Figure 6: Feature importance by model (SHAP); polarization is the top signal, with demographic features showing near-zero direct importance.


Implications, Practical Directions, and Recommendations

The study identifies structural and persistent amplification of polarization—across providers, platforms, and prompt styles—as the dominant bias signal in LLM-based content curation. Theoretical implications include the risk of feedback loops, wherein models generating and recommending content to each other compound polarization. Prompt engineering is effective for style/content moderation but fails to mitigate demographic skew, particularly political leaning bias.

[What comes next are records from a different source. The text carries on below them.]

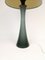 Mid-Century Swedish Opaline Glass and Teak Table Lamp from Bergboms, 1960s, Image 8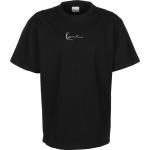 Schwarze Kurzärmelige Karl Kani Rundhals-Ausschnitt T-Shirts für Herren Größe M 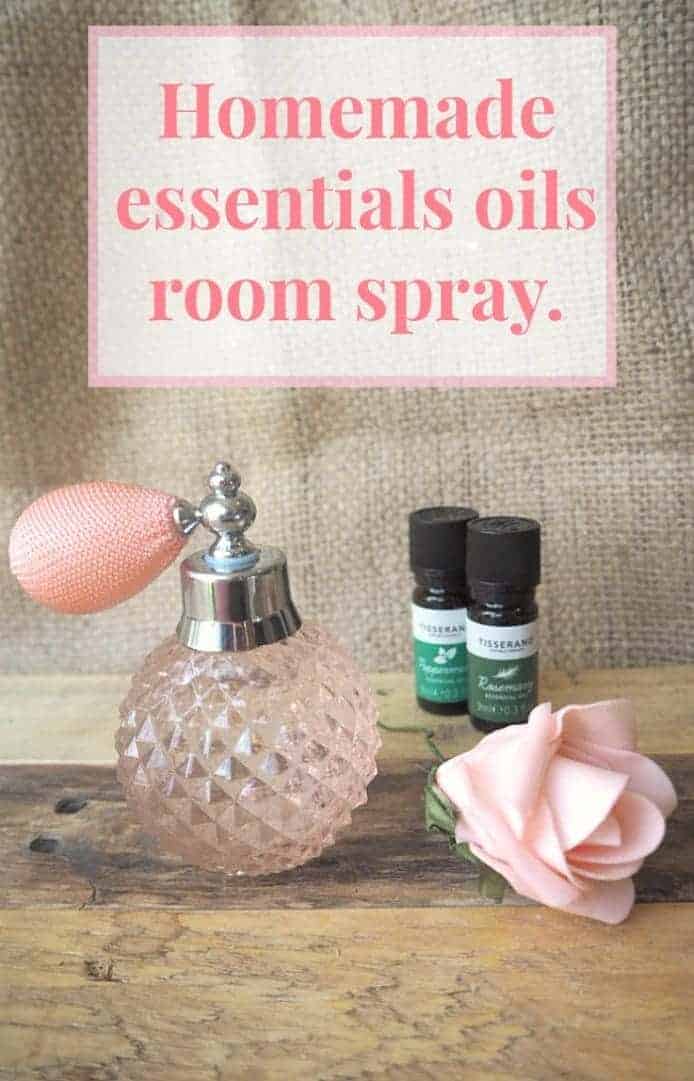 Homemade essential oils room spray....
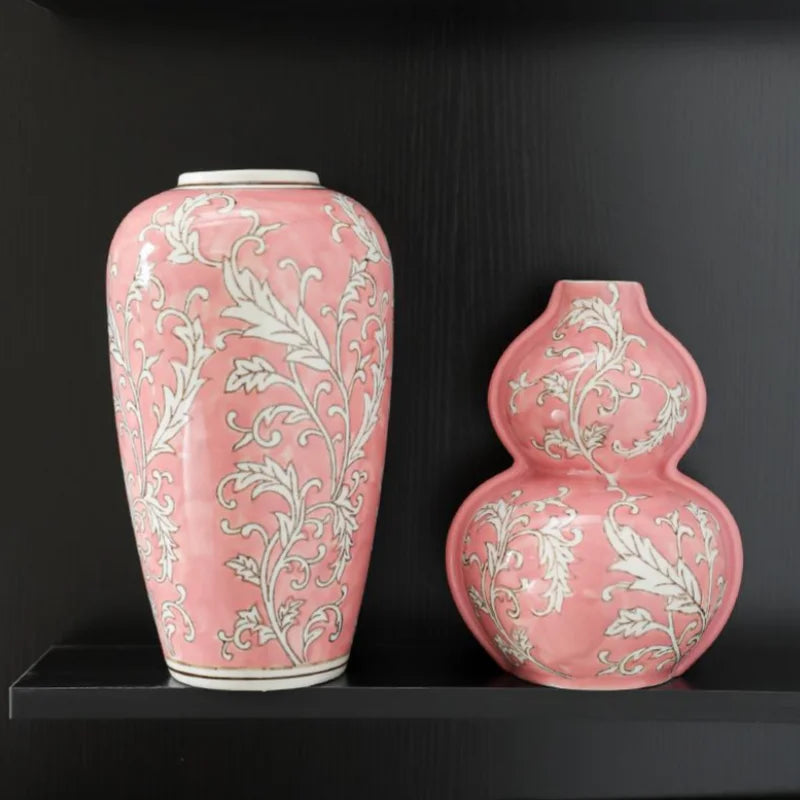 Afralia™ Blue White Porcelain Vase Chinese Retro Home Decor Flower Vase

The practical recommendation is to supplement prompt-based approaches with fundamental interventions: adversarial debiasing, fairness constraints, training corpus refinement, and hybrid human-AI oversight. The neutrality of prompt framing does not yield bias-free baselines—default model behaviors activate non-trivial editorial signals absent explicit instructions. Auditing and transparency standards must be established for curation systems prior to deployment, given their increasing adoption in both proprietary and open-protocol social platforms.

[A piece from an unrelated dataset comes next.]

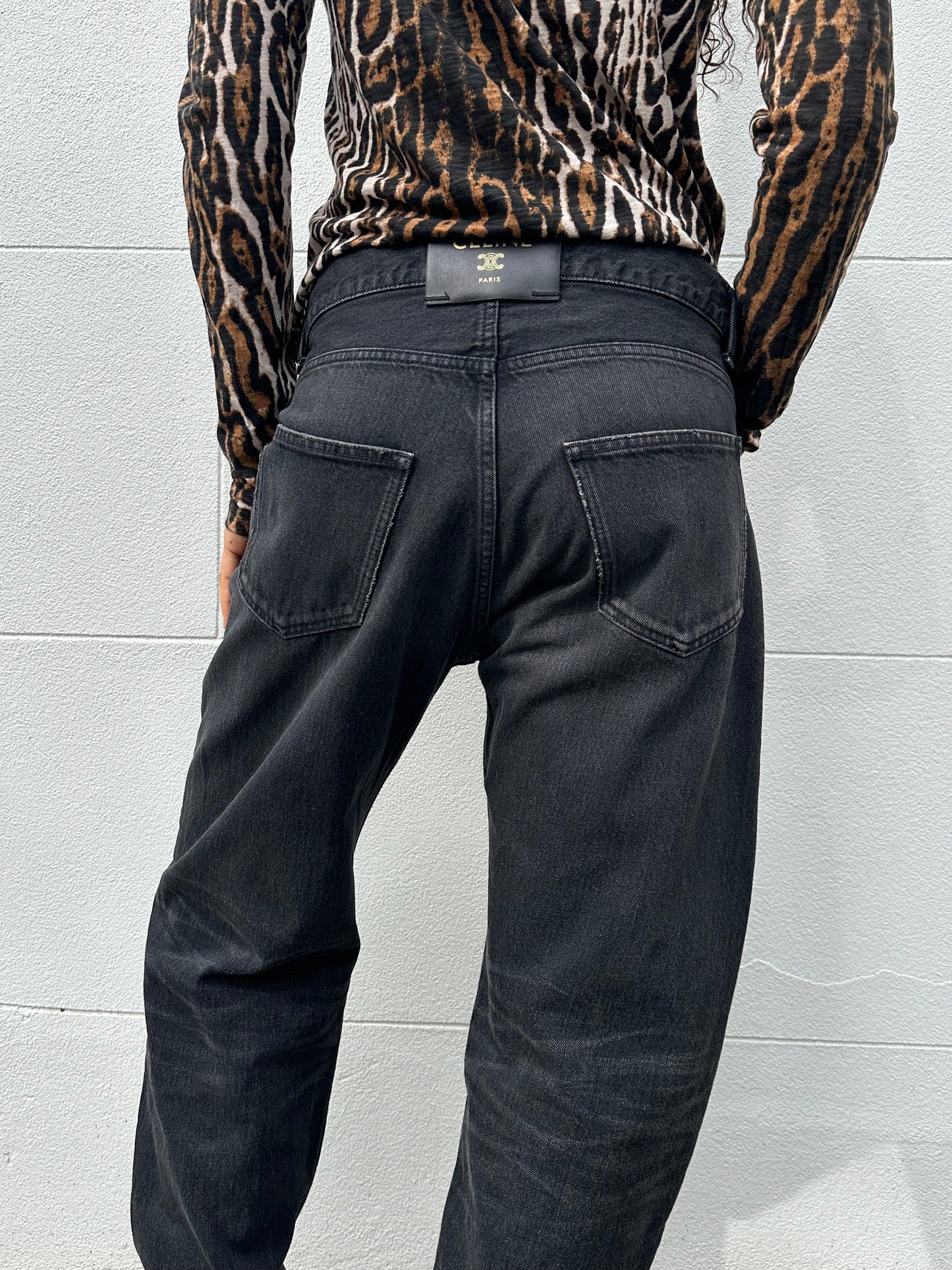Celine Black Jeans Size 27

Speculation on future developments suggests greater emphasis on intentional user-driven feed designs (e.g., BONSAI-like frameworks) and systematic comparison with traditional recommendation systems to quantify relative bias risk.


Conclusion

LLM-based content curation systems exhibit persistent, structural amplification of polarized and left-leaning content, with toxicity and sentiment bias modulated by prompt objectives but not eradicated. Political leaning bias represents the clearest demographic signal, resisting mitigation via prompt engineering and challenging assumptions regarding the neutrality of LLMs in high-stakes environments. Indirect discrimination via learned content-feature associations necessitates a paradigm shift towards robust auditing and intervention protocols before these systems are deployed at scale. Ongoing scrutiny and evolutionary refinement of fairness metrics, demographic inference, and intervention mechanisms will be crucial for aligning LLM-based curation with equitable information access standards.